Welcome to the Onecom pricing model. And you are not alone — this is one of the single most common complaints about the company, reported across Trustpilot (where Onecom has over 13,000 reviews), the Facebook group "Onecom problems & mis-sold contracts" (1,400+ members), and directly to us at Compare The Networks.
We are an independent, OFCOM-regulated business telecoms comparison service. We have been helping UK businesses compare mobile deals since 2008. The Onecom price increase is something we see every week, and here is exactly what is happening, why, and what you can do about it.
How the Onecom Pricing Model Works
Onecom typically structures its business mobile contracts using a cashback or discount model. Here is how it works:
The Structure
- You sign a 36-month contract for business mobiles on the Vodafone network
- The first 17 to 18 months are at an introductory discounted rate — this is the price the salesperson emphasised during the call
- After the discount period ends, the full undiscounted price applies for the remaining 18 to 19 months
- The full price is significantly higher than the introductory rate
Real Examples Reported by Customers
Based on what businesses tell us and what is publicly documented on review platforms:
- SIM-only lines: From 20-30 pounds per month to 65-85 pounds per month after discount
- Handset deals: From 30-40 pounds per month to 90-120 pounds per month after discount
- Multi-line accounts: A business with 10 lines might see their monthly bill go from 250 pounds to 800 pounds overnight
One customer we spoke to had 8 lines at 25 pounds each (200 pounds total monthly).

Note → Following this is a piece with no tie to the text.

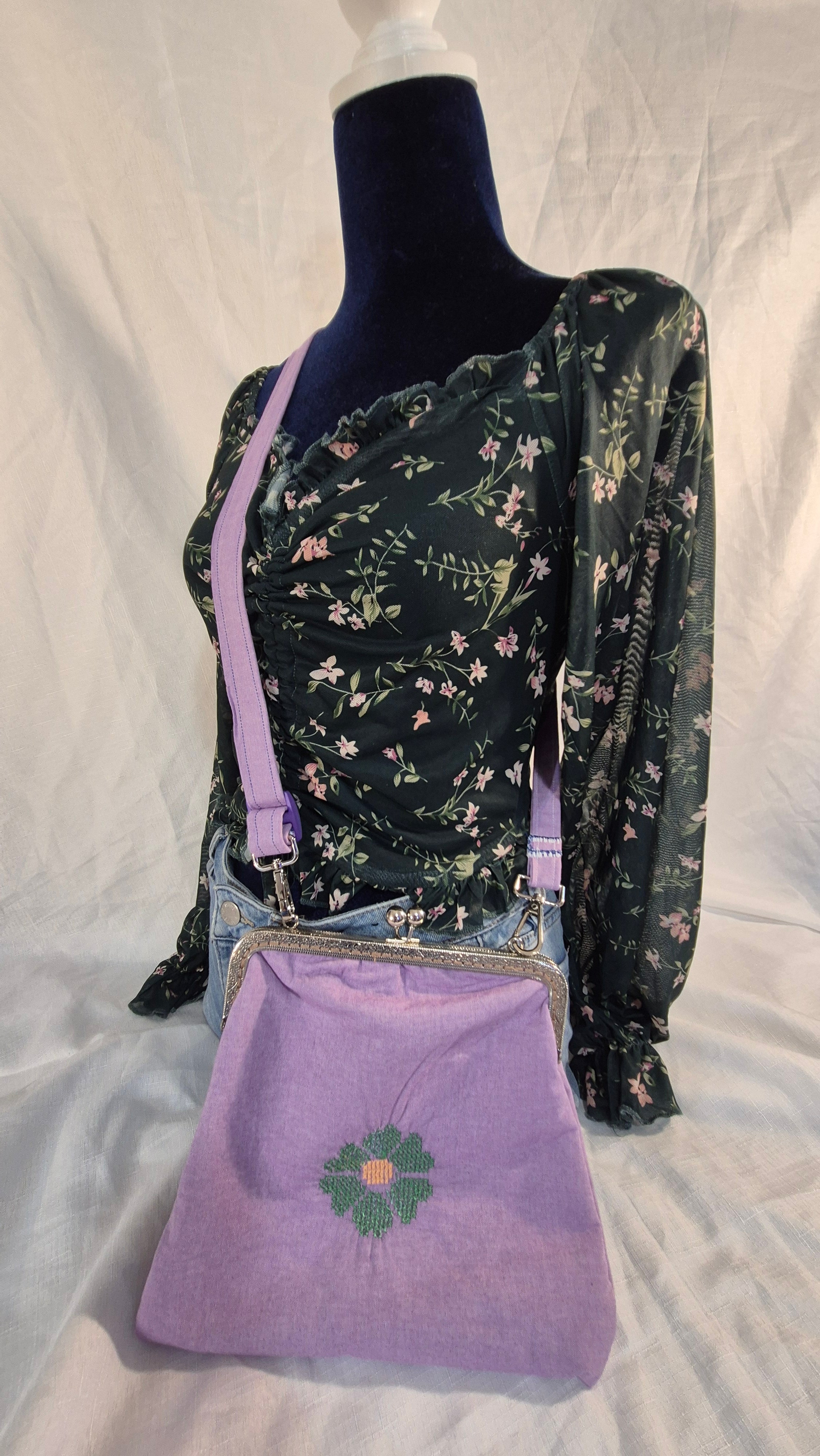 Lavender Bloom Crossbody Pouch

After month 18, their bill jumped to 80 pounds per line (640 pounds total monthly). That is a 220 percent increase, adding up to over 8,000 pounds in additional costs over the remaining 18 months.
Why This Pricing Model Is Problematic
The pricing model itself is not inherently illegal. Cashback and introductory discounts exist across many industries. The issue is how it is communicated during the sales process.
What Customers Report
Based on Trustpilot reviews, Facebook group posts, and direct conversations with businesses:
- The introductory price was emphasised while the post-discount price was mentioned briefly or not at all
- Terms and conditions were read aloud during the call rather than sent in writing beforehand
- The average cost over the full term was not highlighted — customers thought the headline price was what they would pay throughout
- Some customers say they were told the discount was permanent or that it would be renewed automatically
The Maths Problem
Consider a deal sold as "25 pounds a month per line":
- Months 1-18: 25 pounds x 18 = 450 pounds per line
- Months 19-36: 80 pounds x 18 = 1,440 pounds per line
- Total over 36 months: 1,890 pounds per line
- Actual average cost: 52.50 pounds per month per line
The deal was never really 25 pounds a month. It was 52.50 pounds a month spread unevenly over 36 months. But 52.50 pounds per month does not sound as attractive in a sales call as 25 pounds per month, does it?

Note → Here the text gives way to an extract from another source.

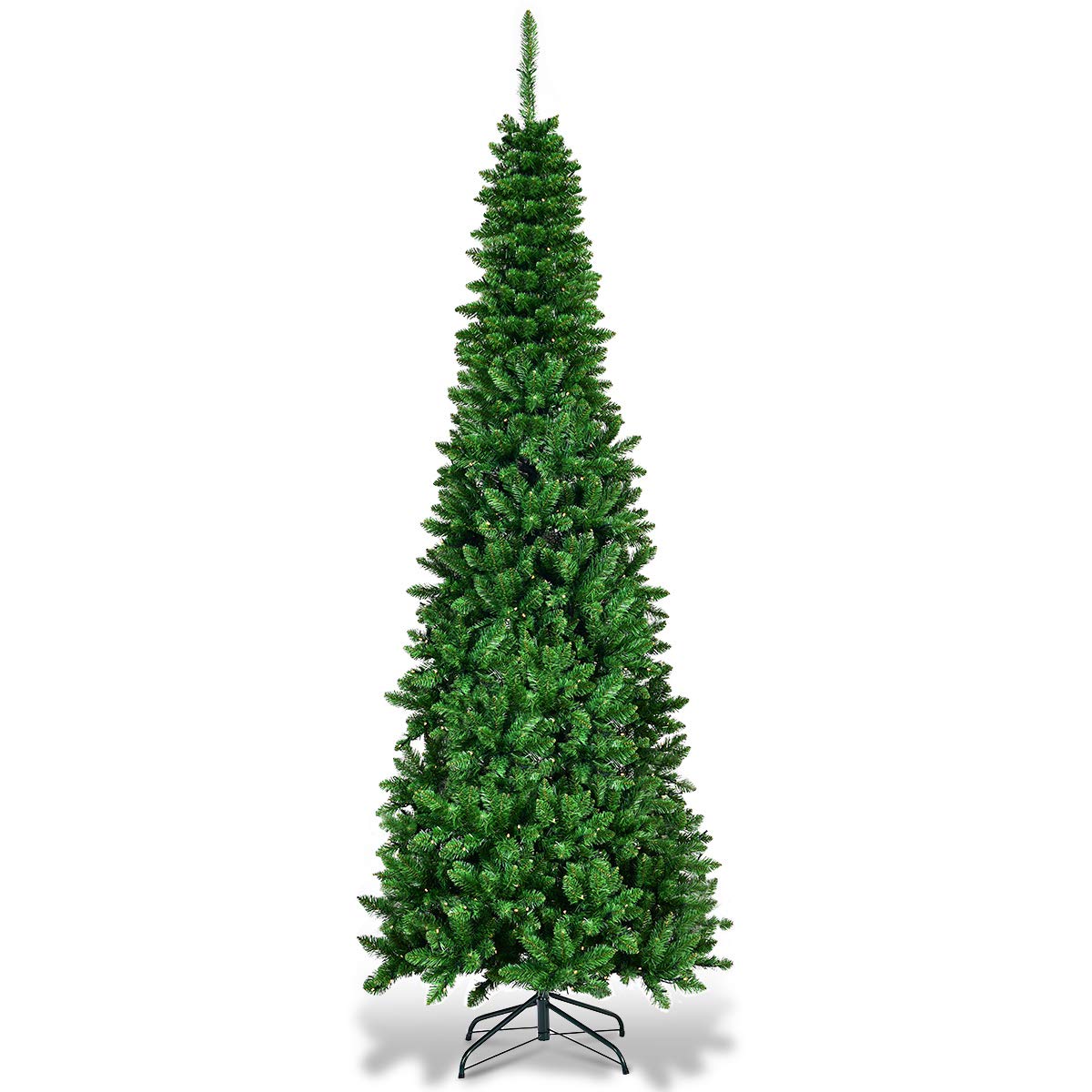 COSTWAY 200 cm Arbol de Navidad Slim/Estrecho con 250 Luces LED, Blanco Cálido, Agujas en PVC de 708 Ramas, arbol de Navidad con Luces Incorporadas, Arvore de Natal Hogar Fiesta Interior (200 cm)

What to Check on Your Bill
If your Onecom bill has increased, here is what to verify:
1. Contract Documentation
Pull out your original contract or order confirmation. Look for:
- The stated monthly price and any discount or cashback terms
- The duration of any introductory period
- The price after the introductory period ends
- Total contract cost if stated
2. Your Bills Over Time
Compare your bills from month 1 to the current month. Document:
- The monthly cost per line at the start
- When the increase happened
- The current monthly cost per line
- Any additional charges that appeared
3. Add-On Charges
Some customers report that the price increase is compounded by add-on services appearing on their bill. These might be services described as "free" or "included" during the sales call that now show as paid charges. Document every line item.
4. Annual CPI Increases
Separate from the discount expiry, many telecoms contracts include annual increases linked to the Consumer Prices Index (CPI) or a fixed percentage. Check whether your contract includes this on top of the cashback model.
Your Options
Option 1: Stay and Pay
The simplest option, but the most expensive. If your exit fee is very high and you only have a few months remaining, staying may make financial sense. But calculate it properly using our early termination fee guide.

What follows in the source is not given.